Not wearing a seatbelt doesn't really affect anyone else, so it shouldn't be
illegal IMO. However, I could see an argument for insurance refusing to cover
you for medical injuries if you weren't wearing a seatbelt.

Texting and driving is a bit different and I would consider that "reckless
driving", which already is an infraction. If you're operating your vehicle in
a manner that is unsafe to other road users, you should have your driving
privilege suspended. However, just making it a fine makes it seem less serious
IMO, and handing out tickets for innocent use of a phone while driving also
seems wrong.

If you're not endangering others, you shouldn't get a ticket. I think this
should apply to all infractions of the legal code. If you're driving over the
limit, but there's nobody around, then you either shouldn't get a ticket or it
should be a much smaller one. However, if you _are_ endangering others, the
penalty should be far more severe than it is today.
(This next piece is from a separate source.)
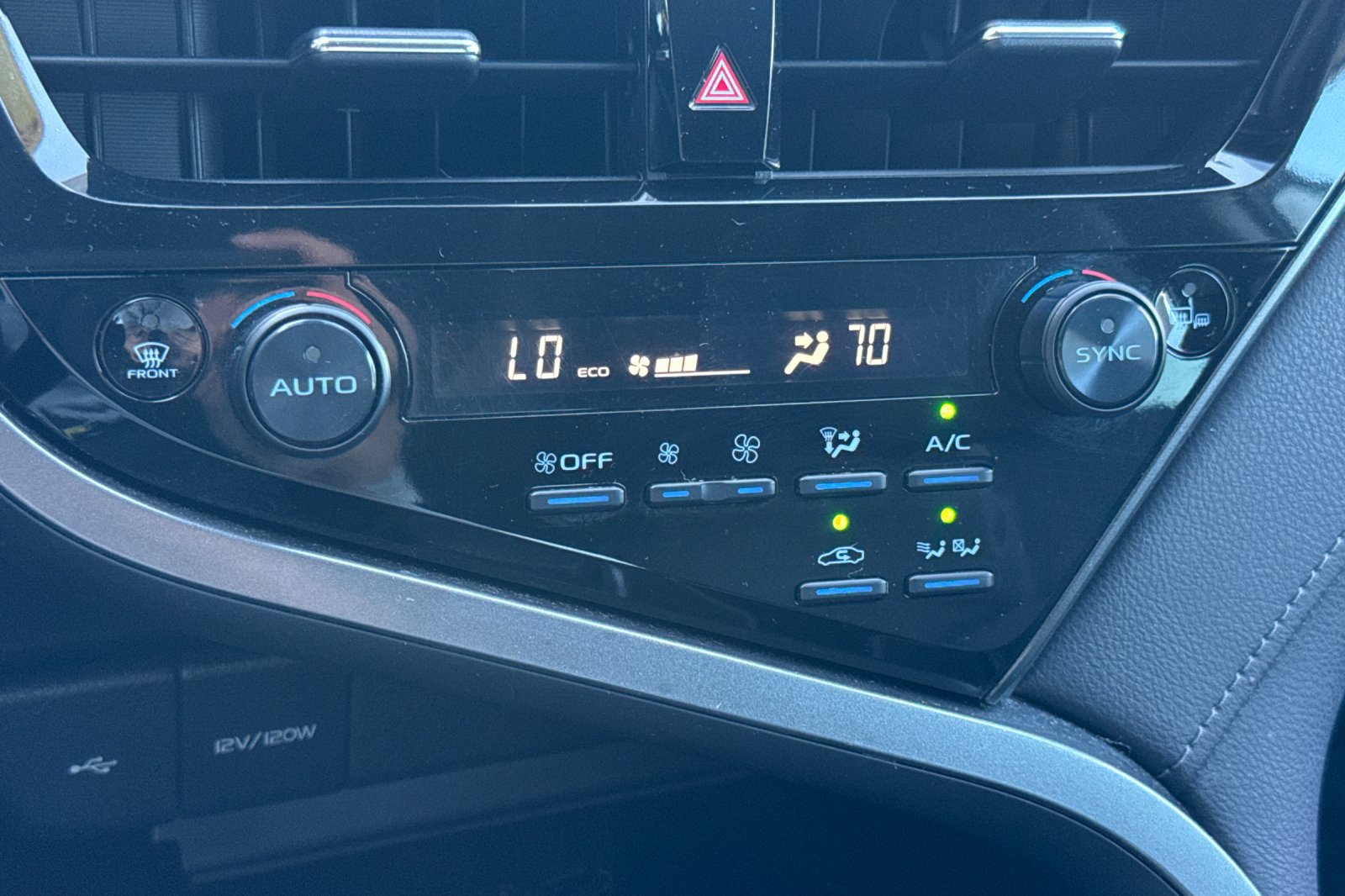 Certified 2022 Toyota Camry LE FWD image 24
The same goes for alcohol. There are a lot of other ways for you to be driving
dangerously, but being slightly over the limit is often safe for many people,
while being under the limit could still be dangerous for others. For example,
driving while sleepy is often more dangerous than driving drunk, yet I don't
think I've heard of anyone getting their license suspended for driving sleepy.
Also, driving with screaming kids is also dangerous (as a parent, I've been
there).

You should only be pulled over if you present a higher than average risk to
other drivers, and that needs to be proven independent of things like your
BAC. I don't think, but I also don't think it's fair, especially since some
state levels are quite low (e.g. I live in Utah where we have 0.05% limit).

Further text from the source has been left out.